As for Dr. Word, he stumbled from clinic to clinic, guided by his brother Wilbur, veteran of Korea and colossal military boredoms all over the globe, before resettling in Vicksburg on the avant-garde of ennui.

Baby Levaster saw the pair in Charity Hospital when he was a med student at Tulane. Word’s arm was still curled up with stroke and he had only a sort of quarter vision in one eye. His voice was frightful, like that of a man in a cave of wasps. Levaster was stunned by seeing Dr. Word in New Orleans. He hid in a closet, but Word had already recognized him. Brother Wilbur flung the door open, illuminating Levaster demurring under a bale of puke sheets.

“Our boy won the Southern!” shouted Word. “He’s the real thing, more than I ever thought!”

“Who are you talking about?” said Baby Levaster. The volume of the man had blown Levaster’s eyebrows out of order.

“Well, French! French Edward! He won the Southern tournament in Mobile!”

Levaster looked to Wilbur for some mediator in this loudness. Wilbur cut away to the water fountain. He acted deaf.

“And the Davis Cup!” Word screamed. “He held up America in the Davis Cup! Don’t you read the papers? Then he went to Wimbledon!”
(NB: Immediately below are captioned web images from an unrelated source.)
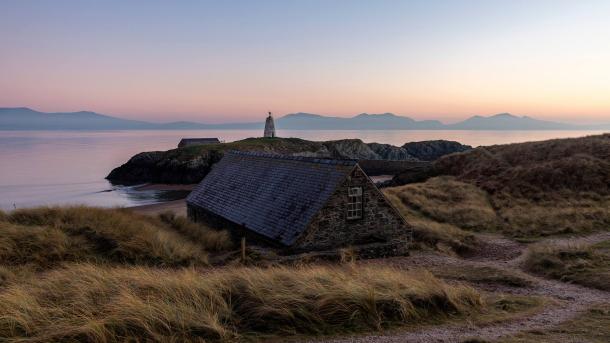 Cottage und Leuchtturm Tŵr Mawr, Ynys Llanddwyn, Wales, UK (© Westend61 on Offset/Shutterstock)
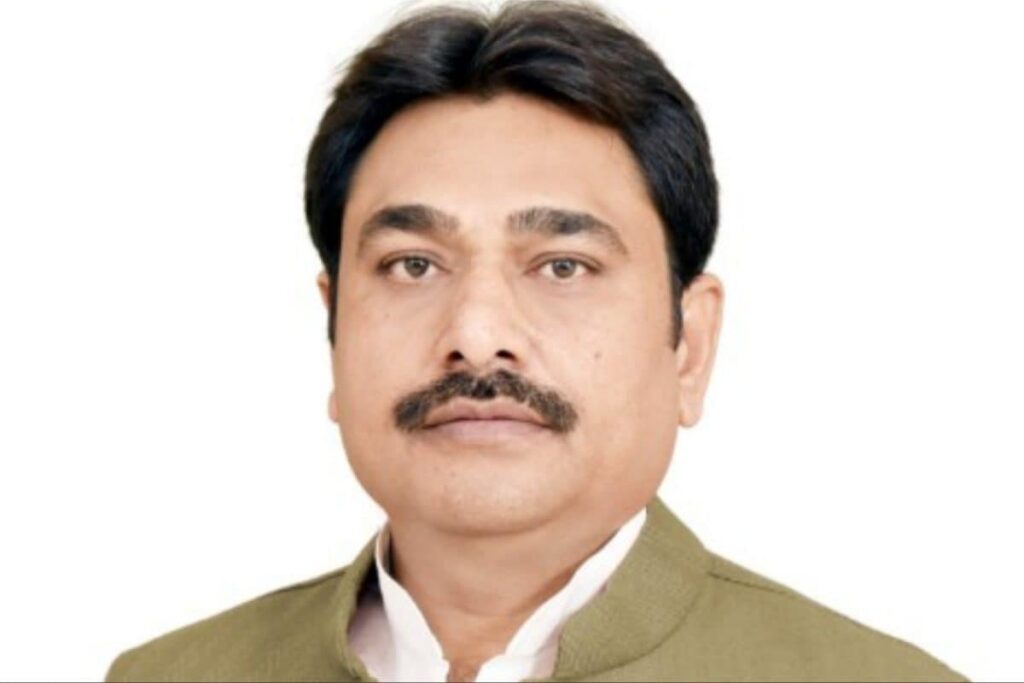 Show Cause Notice To BJP MLA Rajeev Singh Over Vande Bharat Train Scuffle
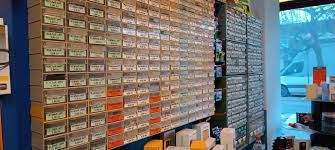 Dulap met.circuite electronice,tranzistori,condensatori,diode,rezistentecomponente electronice,T.GRA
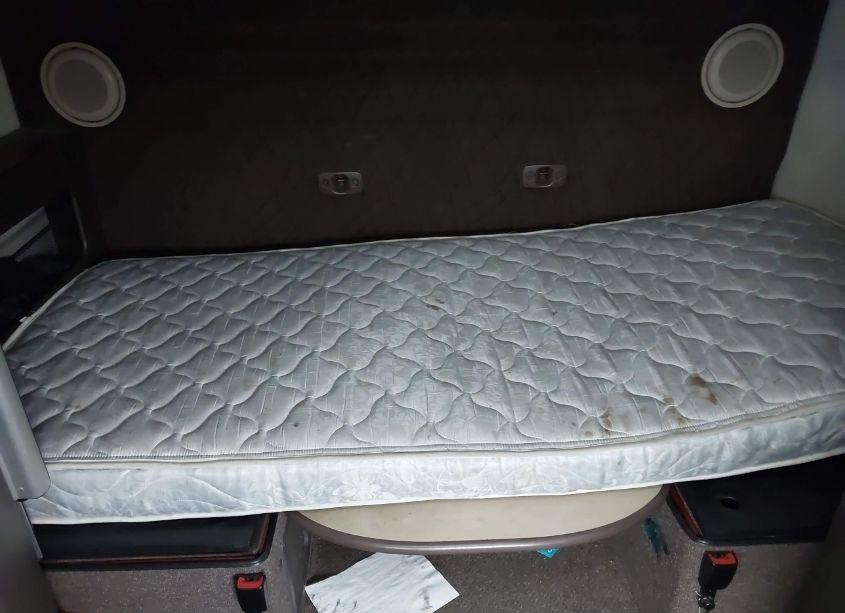 Photo 7 of 2015 Volvo Vn VNL (VIN 4V4NC9EH0FN915981)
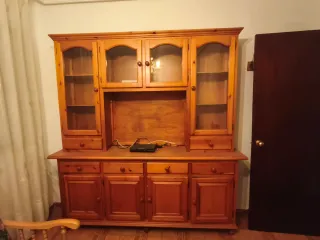 Mueble de madera con vitrinas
“French went to Wimbledon?”

“Yes! Made the quarterfinals!”

A nurse and a man in white came up to crush the noise from Word. Levaster went back into the closet and shut the door. Then he peeped out, seeing Word and his brother small in the corridor, Word limping slightly to the left, proceeding with a roll and capitulation. The stroke had wrecked him from brain to ankles, had fouled the centers that prevent screaming. Levaster heard Word bleating a quarter mile down the corridor.
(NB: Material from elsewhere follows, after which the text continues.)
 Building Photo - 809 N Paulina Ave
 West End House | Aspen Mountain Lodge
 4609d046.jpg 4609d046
Baby Levaster read in the Times-Picayune that French was resident pro at the Metairie Club, that French was representing the club in a tournament. Levaster hated med school. He hated the sight of pain and blood, and by this time he had become a thin, weak, balding drunkard of a very disagreeable order, even to himself. He dragged himself from one peak of cowardice to the next and began wearing sunglasses, and when he saw French Edward fend off Aussie, Wop, Frog, Brit and Hun in defending the pride of the Metairie Club, Levaster’s body left him and was gathered into the body of French. He had never seen anything so handsome as French Edward. He had never before witnessed a man as happy and winsome in his occupation. Edward moved as if certain animal secrets were known to him. He originated a new, dangerous tennis, taking the ball into his racket with a muscular patience; then one heard the sweet crack, heard the singing ball, and hung cold with a little terror at the speed and the smart violent arc it made into the green. French was by then wearing spectacles. His coiled hair, the color of a kind of charred gold, blazed with sweat. On his lips was the charmed smile of the seraphim. Something of the priest and the brute mingled, perhaps warred, in his expression. Baby Levaster, who had no culture, could not place the line of beauty that French Edward descended from, but finally remembered a photograph of the David statue he’d seen in an old encyclopedia. French Edward looked like that.

When French Edward won, Levaster heard a louder, baleful, unclublike bravo from the gallery. It was Dr. Word. Levaster watched Word fight through the crowd toward French. The man was crazed with partisanship. Levaster, wanting to get close to the person of French himself, three-quarters drunk on gin he’d poured into the iced Cokes from the stand, saw Word reach for French’s buttock and give it a pinch. French turned, hate in his eye. He said something quick and corrosive to Word. All the smiles around them turned to straight mouths of concern. Dr. Word looked harmless, a tanned old fellow wearing a beige beret.